Monday, May 26, 2008

Assessing efficiency of your internal innovation bazaar

Bringing Silicon Valley Inside: I read the paper “Bringing Silicon Valley inside” by Gary Hamel (HBR Sept-Oct 1999) after Prof. Krishnan mentioned it in his talk last week on “Efficiency vs. Innovation” at k-community meeting. Hamel and Valikangas have presented an extension of this work in the paper “Internal Markets: Emerging governance structures for innovation”. In this article, I present my understanding of the idea presented in the paper and also a tool for assessing your “internal innovation market”.

Limitations of Hierarchy: After studying Silicon Valley as if it is a giant organization with its own capital and resource allocation decisions, Hamel concludes that valley thrives on resource “attraction” rather than resource “allocation”. Traditional management hierarchy achieves “sustaining” innovation through exploratory activities aligned with and exploiting existing competencies and businesses. Hence, ideas which are not aligned with current businesses are likely to be ignored or suppressed. After all, if all ideas from Valley went to Bill Gates for approval, only those supporting Windows platform would have survived. According to Hamel, 3 markets are critical for radical innovation: (1) Market for ideas (2) Market for capital (3) Market for talent.

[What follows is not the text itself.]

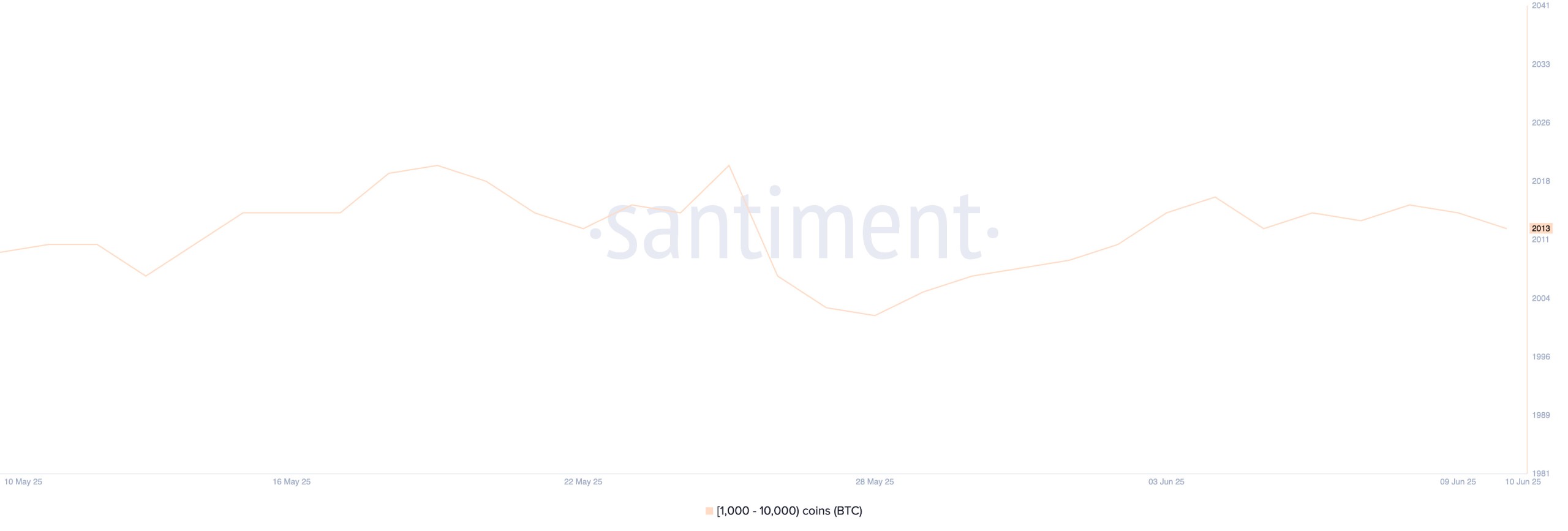 bitcoin-whales-12june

What are markets? A market is a place where buyers and sellers find each other, players compete for best goods & resources, where individuals exercise choice. It is also a mechanism for resource allocation and it is supported by social network of brokers, buyers and sellers.

Assessing your internal innovation bazaar: Do you have a market for ideas? Well, it will depend upon who is suggesting the ideas and who is selecting them. If only senior executives from current businesses suggest ideas and they are the ones who select them, result is known before the exam. On the other hand, if you have an ecosystem of customers, suppliers and employees who suggest ideas and a panel separate from current business selects them there is a good chance that radical ideas will survive. Extending these questions for the other two markets (capital and talent) I have created following three dimensional dashboard. Can you assess efficiency of your internal innovation market?

1 comment:

  1. Great stuff but there is a small catch..

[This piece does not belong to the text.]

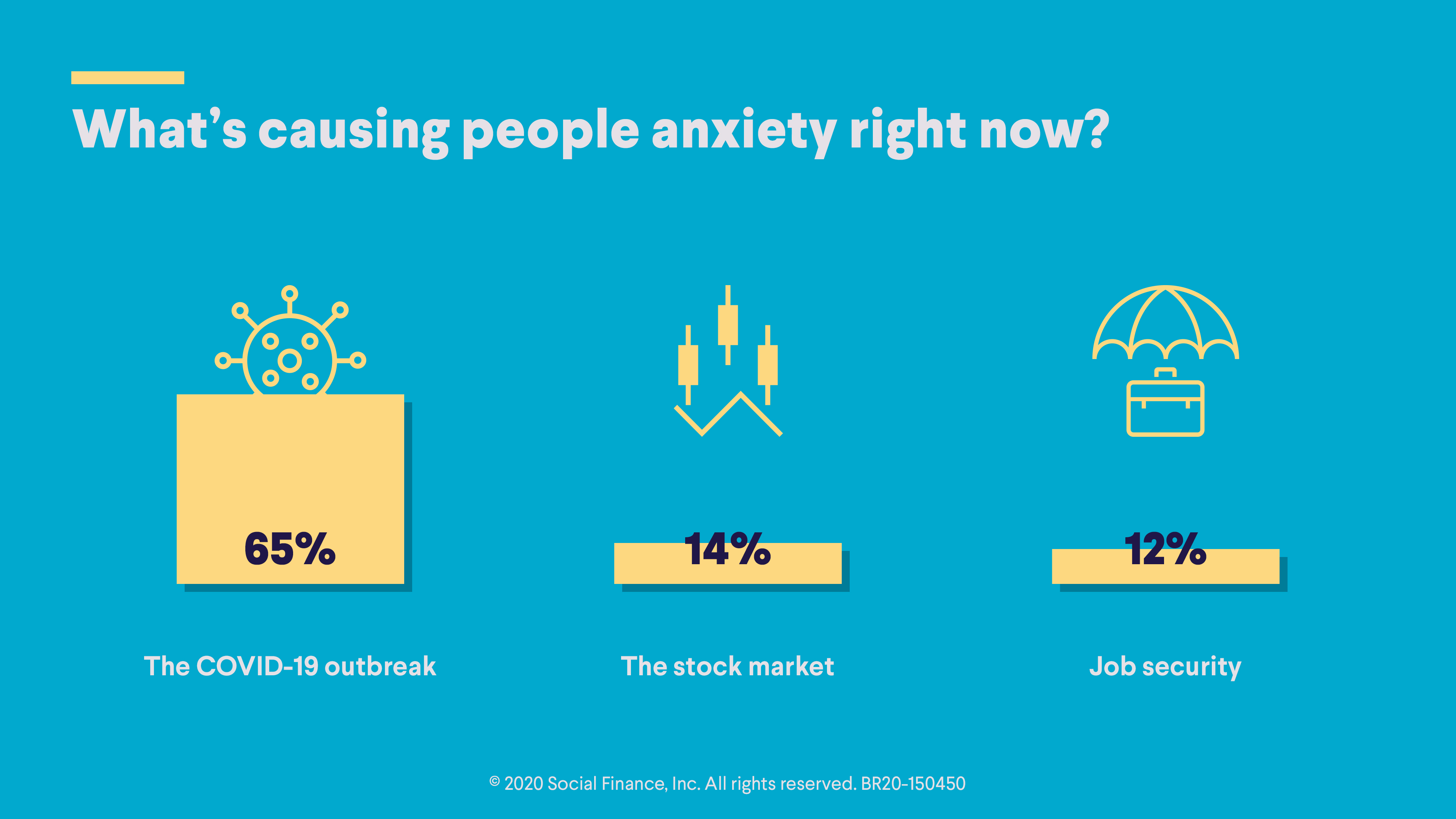 SoFi Survey: Health and Immediate Financial Needs are Top of Mind for Most Americans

    I suggest do a ‘systems thinking’ approach to this before embarking on this. Many assume that we have the ‘fundamentals’ in place for the innovation market . Need to ensure that the ‘hygiene elements’ are in place, employees are ‘engaged’ in the workplace etc. There are good instruments used by HR folks to assess this – please do this … as many assume or are proud of their environment. Talk to employees of the six billion dollar firms in India – you will find the company pride missing (which was there couple of years back!) and you expect them to play in the idea market? foget it!..Net net go back to basics and get the house in order.